I
Une certaine confiture
Jean LACOUTURE : Lorsque je vous écoute, le matin, sur France Inter, je crois reconnaître dans votre journalisme celui qui a été le mien : un journalisme de prospective, dont l’ambition fondamentale est d’associer un projet à un constat. Nous sommes voués au constat mais nous sommes, vous comme moi, Bernard, mus par un projet vers lequel nous tendons et qui transparaît irrésistiblement dans ce que nous faisons.
J’aurai fait tout mon parcours en pensant que l’objectivité est une balançoire, que rien n’est moins objectif qu’un être humain et que, devant toute situation, journaliste ou pas, notre subjectivité est essentielle. Elle est nous-même quand vous parlez, sur Inter, de l’Europe ou du Proche-Orient, quand nous couvrions, hier, pour Le Monde, vous la fin du communisme, moi la décolonisation. Nous n’enregistrons rien qui ne passe par le filtre de la subjectivité. Nous sommes devant l’arbre et notre cueillette tend vers une certaine dégustation, une certaine confiture. Dans la cueillette du fruit, notre geste n’est pas innocent. Il tend vers un horizon que nous essayons d’atteindre, portés par une espérance ou un projet. Je crois que notre journalisme, celui que j’ai vécu, que vous vivez en pleine force, ne se veut pas seulement d’enregistrement et de transmission.

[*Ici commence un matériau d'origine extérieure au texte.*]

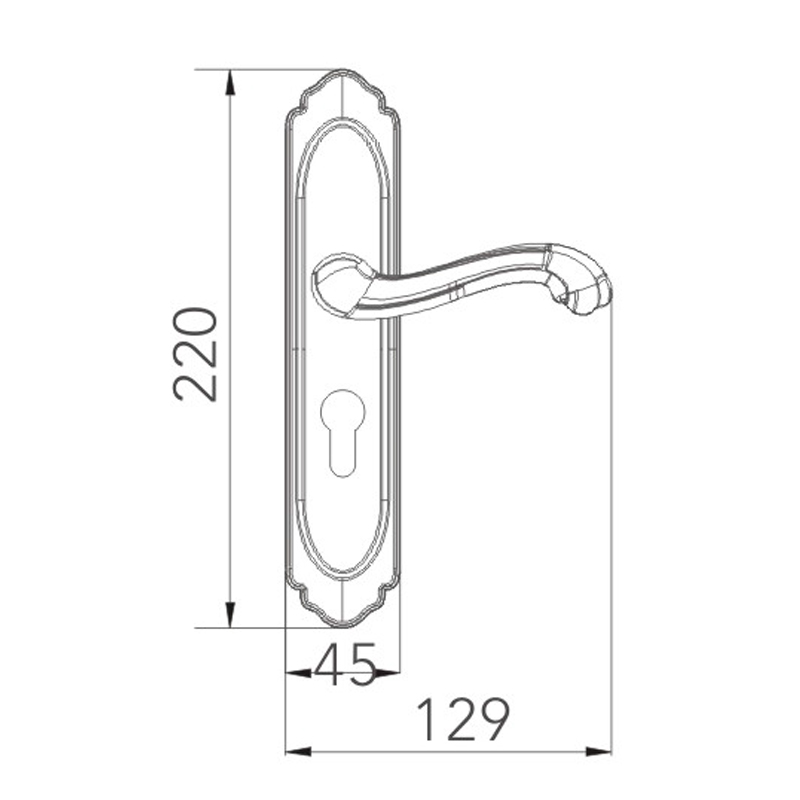 Stainless steel door lock 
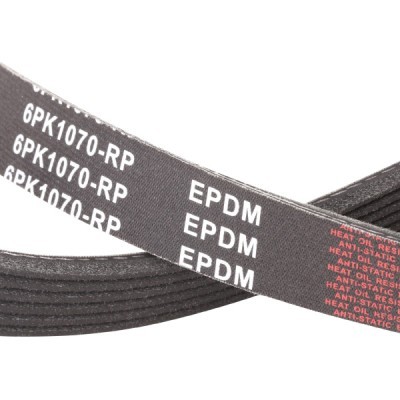 Keilrippenriemen RIDEX 305P0056P 305P0056P - foto 5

Bernard GUETTA : Si notre journalisme, disons le mot, est engagé, encore faut-il savoir ce qui nous «fait courir ». Pour ma part, c’est la peur qui me fait écrire.
J’ai une telle peur du chaos et de la barbarie qu’il porte en lui, une telle détestation de la furie révolutionnaire, de ces chocs sanglants dont l’injustice accouche immanquablement, que je ne peux ni ne veux dissocier le journalisme d’une volonté d’éclairer la route vers plus d’harmonie, vers la perception des raisons de l’autre et ces permanentes concessions réciproques qui, seules, préviennent les guerres.
« Il a trop lu Tintin », diront les plus gentils, et c’est vrai : je l’ai beaucoup lu. «Il aurait dû se faire Casque bleu, pas journaliste », diront d’autres mais j’assume ce volontarisme qui aura, de toute manière, imprégné tous mes papiers.
Je n’ai pas été neutre entre le communisme et la liberté. J’ai délibérément, passionnément soutenu, vingt ans durant, l’héroïsme des dissidents puis l’entreprise de démocratisation de Mikhaïl Gorbatchev, voulu faire voir l’espoir qu’ils portaient, leurs forces, leurs faiblesses et la nécessité de les accompagner.
Je ne suis pas non plus neutre sur la construction européenne dont je défends, bec et ongles, la poursuite, l’approfondissement et la marche vers une union fédérale, aussi indispensables à l’affirmation des valeurs et du poids de l’Europe qu’à l’équilibre international.
Je ne prends pas seulement parti, dans les conflits du Proche-Orient, contre la régression islamiste et pour tous ceux qui tentent, en Israël, en Palestine et dans le monde arabe, d’œuvrer à un compromis, si boiteux soit-il. Je m’y engage aussi – ce qui est beaucoup moins consensuel – pour l’entrée de la Turquie en Europe ou contre l’idée, tellement absurde, qu’il y aurait incompatibilité entre l’islam et la démocratie.
Je me réclame, oui, d’un parti pris de la conciliation, d’un journalisme engagé qui ne peut que s’appuyer sur les faits, qui ne doit pas les cuisiner pour servir une cause mais doit les dire, au contraire, pour montrer qu’il y a, là-bas, tout au bout de ce noir tunnel, une petite lumière, vacillante, incertaine, presque imperceptible mais vers laquelle marcher.
C'est cette lueur d’espoir qui m’intéresse et non pas les seuls faits, leur seule description objective, froide et toujours si accablante qu’elle n’incite qu’à s’asseoir, pleurer et oublier. Cela ne se dit pas mais, en eux-mêmes, les faits ne m’intéressent pas…

J.L. : … Bernard ! Je n’aurais pas osé le dire, bien que…

B.G. : … Bien que vous ne soyez pas loin de vous le dire aussi… Je n’ai de passion, disais-je, à traquer les faits, à aller voir, interroger, gratter les apparences, lire, réfléchir, croiser les sources, je n’ai le feu sacré de l’enquête que si je crois pouvoir contribuer, au bout du compte, à éclairer les voies d’une sortie de crise, à défricher les chemins du compromis précaire qui en préparera d’autres.